Georgia L Gilholy is a Young Voices UK contributor.
Picture this. A sweaty mid-summer crowd waits with bated breath as a progressive politician is set to deliver a surprise speech. Somewhere across the country, the governing party remains embroiled in an internal crisis.
As he begins to speak he outlines some of the ideas he plans to implement, should he and his team displace the incumbent rulers. One of his remarks, consistent with his previous comments on the topic, is his ambition of cracking down on the liberties of non-government schooling.
This is not Russia in the months preceding its Bolshevik putsch, nor France as the guillotine operators began to sharpen their blades, but among the anonymous glass and steel structures of Birmingham’s revamped city centre. The date is July 11th 2022. The speaker is Labour leader Sir Keir Starmer.
While Starmer is yet to ascend to the power possessed by historic radicals, his plans to rob independent schools of their charitable status risk many of the pitfalls such events set in motion.
Such plans would first and foremost, slap VAT on private schools, which they are exempt from under a charitable status.

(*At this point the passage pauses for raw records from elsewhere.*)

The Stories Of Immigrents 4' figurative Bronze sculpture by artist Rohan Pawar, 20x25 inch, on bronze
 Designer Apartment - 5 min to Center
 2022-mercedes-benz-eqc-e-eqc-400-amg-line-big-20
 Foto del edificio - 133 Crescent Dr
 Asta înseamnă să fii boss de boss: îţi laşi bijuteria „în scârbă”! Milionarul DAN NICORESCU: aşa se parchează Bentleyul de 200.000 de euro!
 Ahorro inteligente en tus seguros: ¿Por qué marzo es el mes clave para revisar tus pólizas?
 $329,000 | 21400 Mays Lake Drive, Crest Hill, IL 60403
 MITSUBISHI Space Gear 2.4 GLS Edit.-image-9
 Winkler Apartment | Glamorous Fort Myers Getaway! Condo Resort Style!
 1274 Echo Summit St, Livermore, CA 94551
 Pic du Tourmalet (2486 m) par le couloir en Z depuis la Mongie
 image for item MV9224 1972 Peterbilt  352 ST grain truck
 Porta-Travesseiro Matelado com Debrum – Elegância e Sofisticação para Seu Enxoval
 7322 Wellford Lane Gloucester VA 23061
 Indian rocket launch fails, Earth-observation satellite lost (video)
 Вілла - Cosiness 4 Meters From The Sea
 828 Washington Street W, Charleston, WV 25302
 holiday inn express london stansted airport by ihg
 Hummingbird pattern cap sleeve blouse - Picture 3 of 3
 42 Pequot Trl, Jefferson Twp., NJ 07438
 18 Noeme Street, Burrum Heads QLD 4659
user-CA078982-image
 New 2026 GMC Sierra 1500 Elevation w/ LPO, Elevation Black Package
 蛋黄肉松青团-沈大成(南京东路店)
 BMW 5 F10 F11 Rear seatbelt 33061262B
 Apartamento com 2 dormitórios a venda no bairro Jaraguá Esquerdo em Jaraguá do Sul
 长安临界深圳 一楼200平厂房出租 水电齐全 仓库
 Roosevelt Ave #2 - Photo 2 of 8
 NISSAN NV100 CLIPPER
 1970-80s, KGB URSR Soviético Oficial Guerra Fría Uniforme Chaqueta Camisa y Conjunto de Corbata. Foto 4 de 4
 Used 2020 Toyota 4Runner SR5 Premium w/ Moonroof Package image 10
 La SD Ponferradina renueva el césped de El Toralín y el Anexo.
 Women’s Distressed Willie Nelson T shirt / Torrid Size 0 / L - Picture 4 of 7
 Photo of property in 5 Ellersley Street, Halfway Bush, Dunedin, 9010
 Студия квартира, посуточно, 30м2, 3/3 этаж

The idea that this will accumulate enough cash to drag state schools toward a bright new future is nonsense. A 2018 review by Baines Cutler Solutions and KPMG demonstrated how axing this exemption will create a £416 million bill for the government within five years when accounting for the pupils that would be pushed back into state schooling as private schools would be forced to hike rates.
Yet as the Conservative Party continues to lack inspiring educational reforms, Labourites could well garner support for misguided assaults on the independent sector. Governments of all partisan stripes should be trusted not to attempt such a cheap and short-sighted shot, and instead invest in serious strategies to resurrect Britain’s flagging schooling system.
Starmer also fundamentally misinterprets Britain’s educational inequality as a casualty of unfair finances. School spending has been partly hammered by cuts over the past decade, but the UK remains one of the biggest bankrollers of education in the world.
Yet our system lags behind much of the post-industrial world. Socio-economic deprivation sadly holds back many students, but this is often an issue that begins in the home and impacts the classroom- not vice versa.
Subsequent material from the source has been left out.